Media plane: SRTP, RTP, and codecs¶

Once a call is accepted, the actual audio and video do not travel over the signaling WebSocket. They flow on a separate media plane: SRTP over UDP to WhatsApp voip/relay servers, using transport endpoints negotiated during signaling.

Confidence: this is the least-observed plane in wacrg today. That media is SRTP/UDP and end-to-end encrypted is probable; almost everything more specific (exact codecs, RTP header usage, the SRTP cipher suite, the key schedule) is speculative. We mark it accordingly and lead with open questions. Do not treat anything here as settled.

What we believe is true¶

Transport is UDP. Real-time media needs low latency and tolerates loss, so it uses UDP rather than the call's TCP/WebSocket control channel.
Media is encrypted with SRTP. Frames are RTP packets protected by SRTP (encryption + authentication). The SRTP keys are derived from the call/media key that signaling delivered via Signal <enc>. See encryption & keying. This keeps media end-to-end encrypted even though it transits WhatsApp relays.
Relays may carry the media. When a direct path is unavailable (NAT, firewalls), media is forwarded through WhatsApp relay servers chosen from the candidates offered during signaling. See ICE & relays. Relays forward ciphertext; they are not media-decryption points.

What we do not know yet¶

This section is deliberately long, because it records what remains unverified.

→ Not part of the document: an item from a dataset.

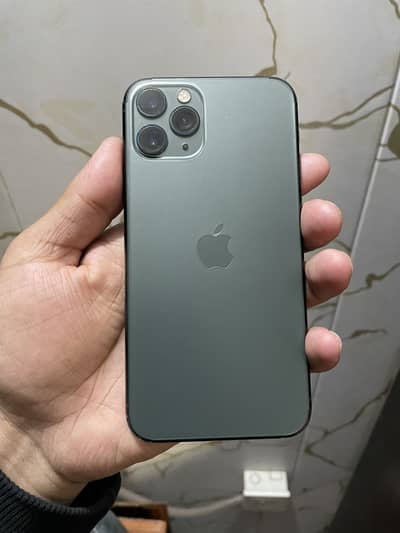iPhone 11 Pro 256Gb PTA Approved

Codecs. Static wasm-analysis now identifies the audio codec at probable: the primary codec is MLow (an in-house CELP speech codec with an optional neural "companion"), with Opus present as an alternate, carried over an RED + Reed-Solomon FEC layer into a WebRTC-NetEq receive engine. See MLow and the audio media plane. What remains open: the MLow bitstream/bitrates, DTX usage, mid-call renegotiation, and the exact <audio enc rate> mapping. Video codec(s) and parameters are still open.
RTP details. Payload type numbers, SSRC assignment, header extensions, marker/sequence handling, and whether multiple media (audio+video) are multiplexed on one 5-tuple are all unknown.
SRTP profile. The specific SRTP cipher suite (e.g. AES-CM vs. AES-GCM), authentication tag length, and replay-window behavior are unconfirmed.
Key derivation. How the Signal-delivered media key becomes SRTP master keys/salts, including the KDF, labels, and whether keys are per-direction or rekeyed mid-call, is the largest open question and is treated as speculative throughout (see keying).
Congestion control / quality adaptation. Bandwidth estimation, packet-loss concealment, and jitter-buffer behavior are out of scope until we can observe them.
Group vs. 1:1. wacrg is scoped to 1:1 calls; group-call media topology (SFU-style mixing) is explicitly out of scope for 0.1.0.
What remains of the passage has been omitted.